Had his father strong-armed him into taking the stand? Looking at him now, it’s hard for me to imagine anyone intimidating him, but he just acknowledged that he wasn’t always this confident. And the relative boy I saw on that witness stand was so very different from the man sitting by my side.
I’m reaching. I know that. Lander’s motivations for perjury shouldn’t matter to the law, and they sure as hell shouldn’t matter to me.
But he had been young—admittedly not much younger than I am now, but the rich age slower than the rest of us. A pampered lifestyle encourages immaturity. So maybe he was scared. When you’re scared you do stupid things.
I’m making excuses for him.
I think about seeing him with Sean White back when I was still a teenager. I think about his current relationship with his father. Hate him or love him, Lander still works for his dad. That is Lander’s choice.
But perhaps there’s a reason for that too.
“Has there ever been a time when things were better between you and Travis?”

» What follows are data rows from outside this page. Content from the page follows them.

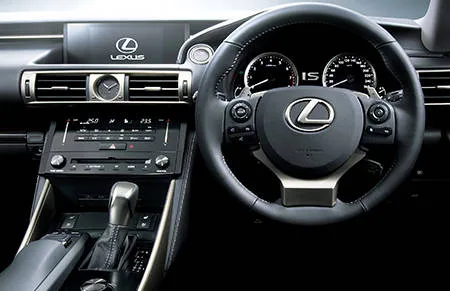 Lexus IS300H VERSION L (AVE30)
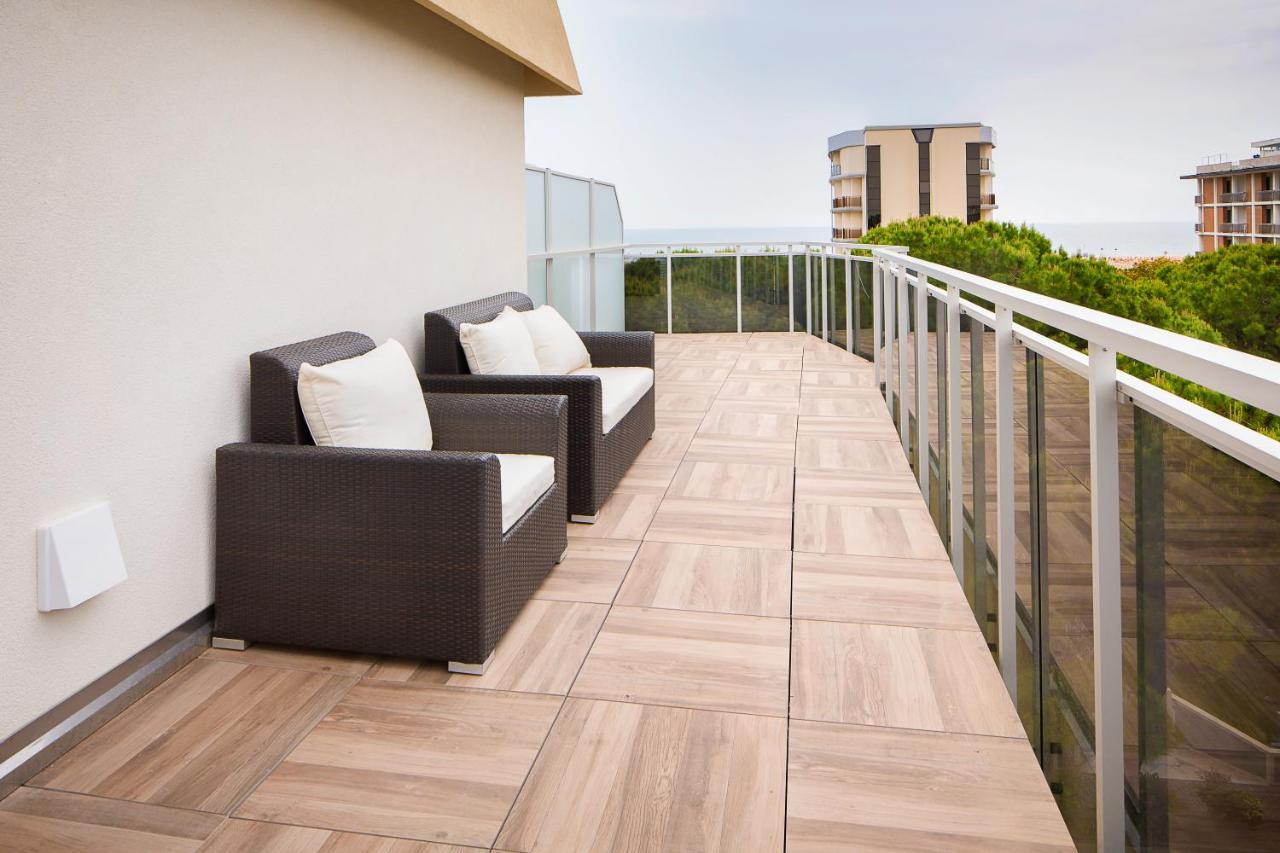 Hotel President Bibione Bagian luar foto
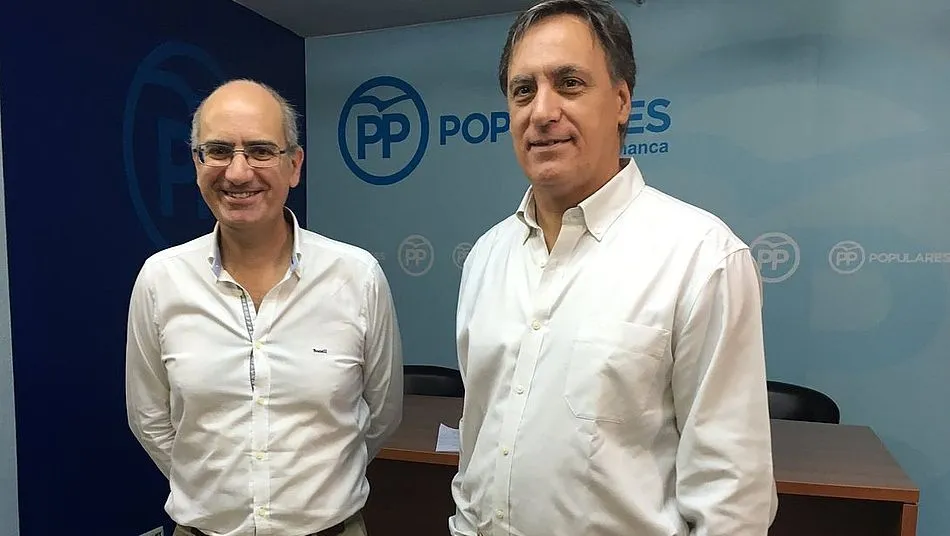 Javier Iglesias y Carlos García Carbayo en la sede del PP salmantino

“Oh, there was a short period when he seemed to soften up a bit. When I was an undergrad and he was nearing thirty. He had met some woman, I didn’t like her much, but she seemed to be able to reach him in a way that the rest of us never could.”
“What happened to her?”
Lander shrugs. “I’m not entirely clear on that. All of a sudden it was just over. And then in a year or so he announced his engagement to Jessica, and shortly thereafter the other woman’s wedding announceme
nt popped up in the New York Times. She ended up marrying some millionaire philanthropist. His family isn’t as rich as ours, but they have fewer enemies.”
I smile. My guess is that most political dictators have fewer enemies than the Gables. But then, dictators are probably more aware of their vulnerability to those enemies too. Gables seem to think that the only people capable of hurting them are other Gables.
“I’ve told you a lot about my history,” Lander continues. “May I ask about yours?”
“No, not tonight,” I say quietly.
My audacity startles us both and together we laugh.
“I know I’m being unfair,” I continue, “but I just don’t have the energy to comb through my history.”
“Is there something I can do for you? Is there something you need?”
I nod, and then I do something that surprises even me. I reach over and take his free hand in mine. I’ve been underneath Lander, had him inside me. I know what it’s like to have him caress my skin. I know what he tastes like. But other than a fleeting, thoughtless moment in the bedroom, this is the first time I’ve ever held his hand.
His eyes spark with something warm and he pulls me to him so I’m tucked into the crook of his arm.
And that’s when the shaking stops.
We sit there, just like that, silently looking out at the city, until eventually I feel sleep pulling at me and I close my eyes, slipping into unconsciousness while I hold his hand.
chapter three
Hours later I wake up. We’re still both on the couch, his right arm still wrapped around me as his body leans to the left, his head lolled to the side. The sky has an orange glow and its color penetrates the room, making everything look a little bit magical. The rhythm of Lander’s breathing is slow and sweet.
Everything about this moment feels blessed.
Gently I put my hand on his chest, feel the methodical and determined beat of his heart. His eyes open and he takes in the room and our place in it before turning to me. When he presses his lips against mine the sensation is gentle and filled with more adoration than lust.